As you will not have any user or game ids smaller then 0 you could make them unsigned integers (int(8) unsigned NOT NULL).

If you want to enforce that a user can only make a single vote for a game, then create a primary key over uid and gid in the votes table instead of just a normal index.

CREATE TABLE IF NOT EXISTS `votes` (
  `uid` int(8) unsigned NOT NULL,
  `gid` int(8) unsigned NOT NULL,
  `vote` int(1) NOT NULL,
  PRIMARY KEY (`gid`, `uid`)
) ;

The order of the primary key's fields (first gid, then uid) is important so the index is sorted by gid first. That makes the index especially useful for selects with a given gid. If you want to select all the votes a given user has made then add another index with just uid.

I would recommend InnoDB for storage engine because especially in high load settings the table locks will kill your performance. For read performance you can implement a caching system using APC, Memcached or others.



回答2:

Looks good.

I would have used users_id & games_id instead of gid and uid which sounds like global id and unique id



回答3:

Whatever you end up doing, make sure you test it with a large data-set (even if you don't plan on having a huge number of users)

Write a script that generates 100,000 games, 50,000 users and a million votes. May be slightly excessive, but if your queries don't take hours with that number of items, it'll never be an issue



回答4:

Looks good so far. Don't forget indices and foreign keys. In my experience most issues don't arise from not-so-well-thought-out designs but from the lack of indices and foreign keys.
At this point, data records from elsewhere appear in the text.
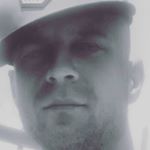 Adam Giers - Instagram Profile Picture of Adam Giers (@giecikg2) on Instagram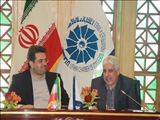 نقش موثر دانشگاه اصفهان در شناسایی مشکلات بنگاه های اقتصادی و تبدیل آن به مساله و ارایه راه حل مساله  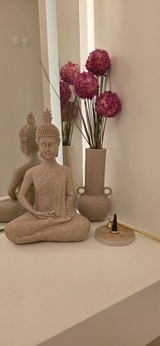 Didar review photo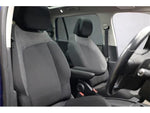 CITROEN GRAND C4 PICASSO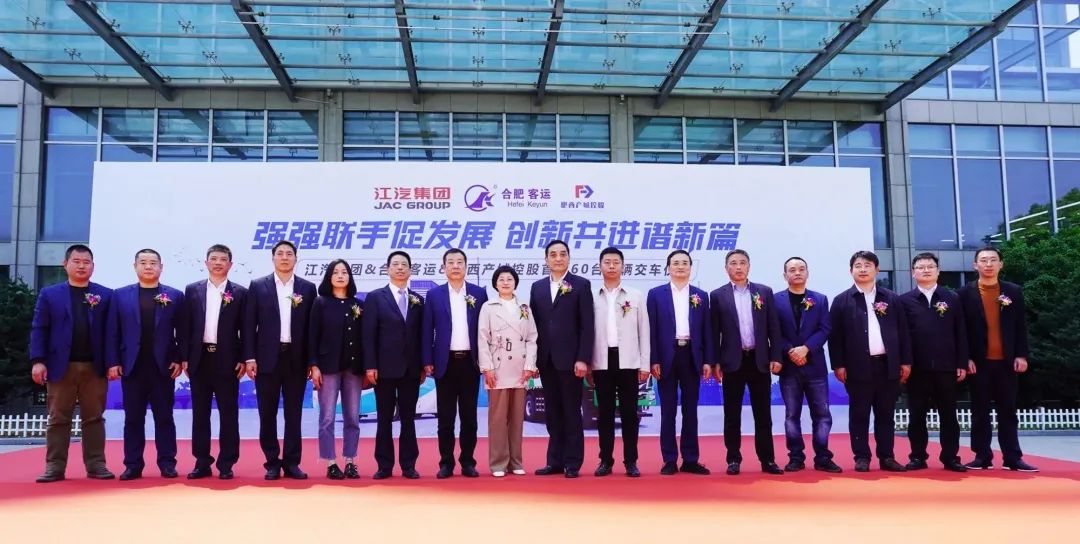 04142445259x 2003ÍøÕ¾Ì«Ñô¼¯ÍÅ-Ê×Ò³(Ó½ÓÄú!)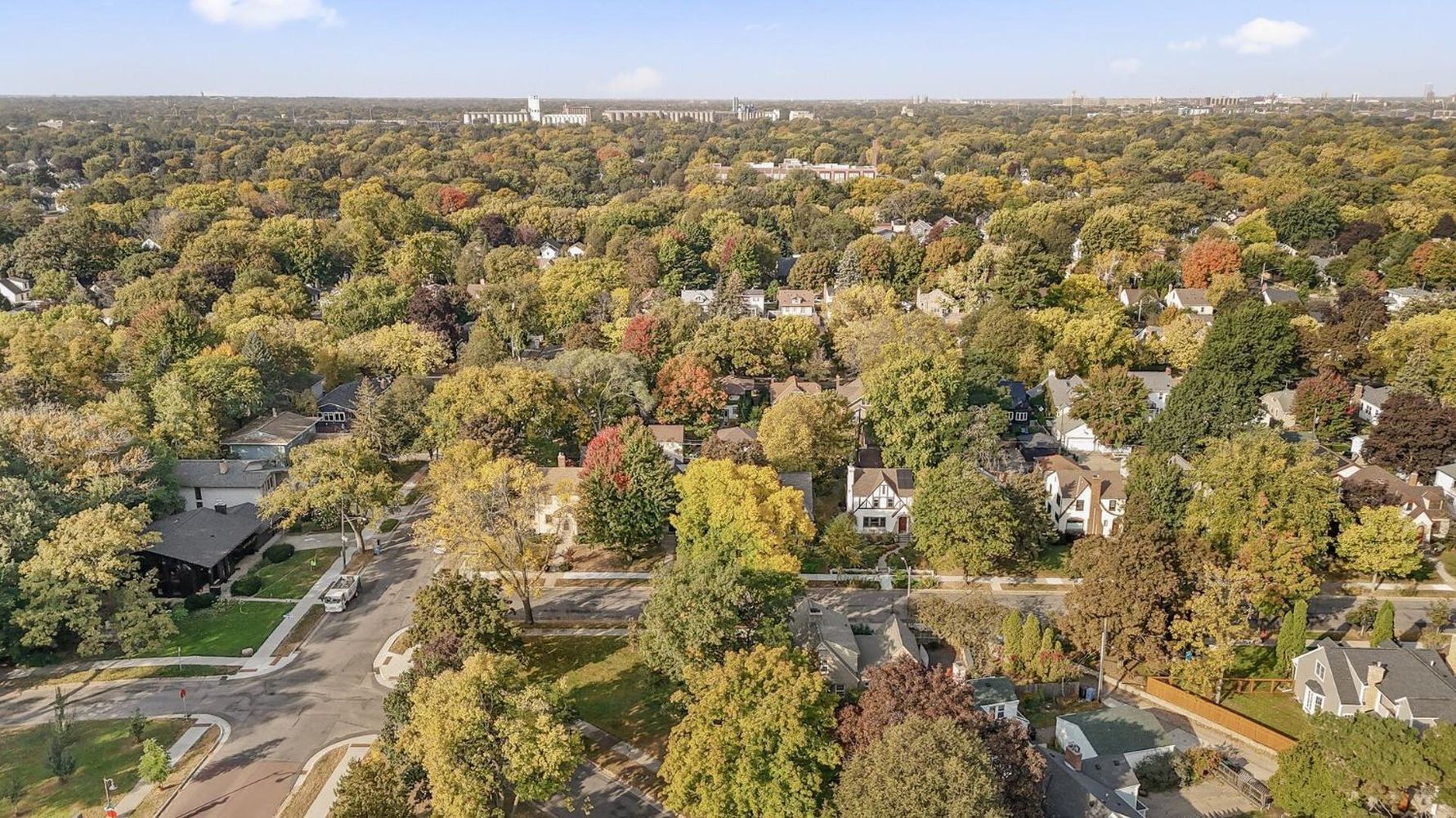 3566 Edmund Boulevard 35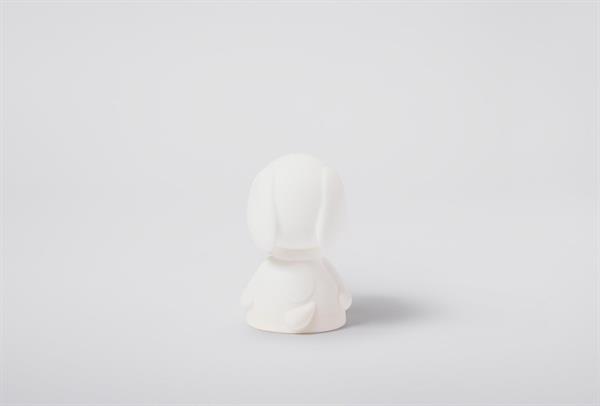 Lamba, Mini Snoopy
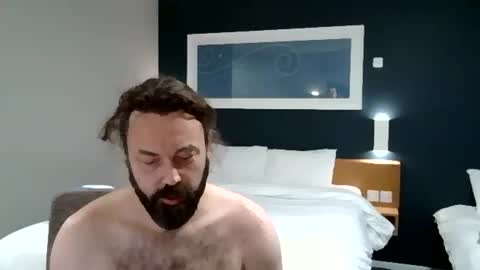 jonnyb9876 online show from December 1, 1:53 pm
Also, regarding the storage engine selection I have yet to see a reason (in a reasonably complex/sized app) for not using innodb, not just because of transactional semantics.



回答5:

you might want to add a voted_on (DATETIME) column too. That way, you could, say, see a game's trend in a certain timespan, or just in case someday a vote spam happened, you could delete unwanted votes accurately.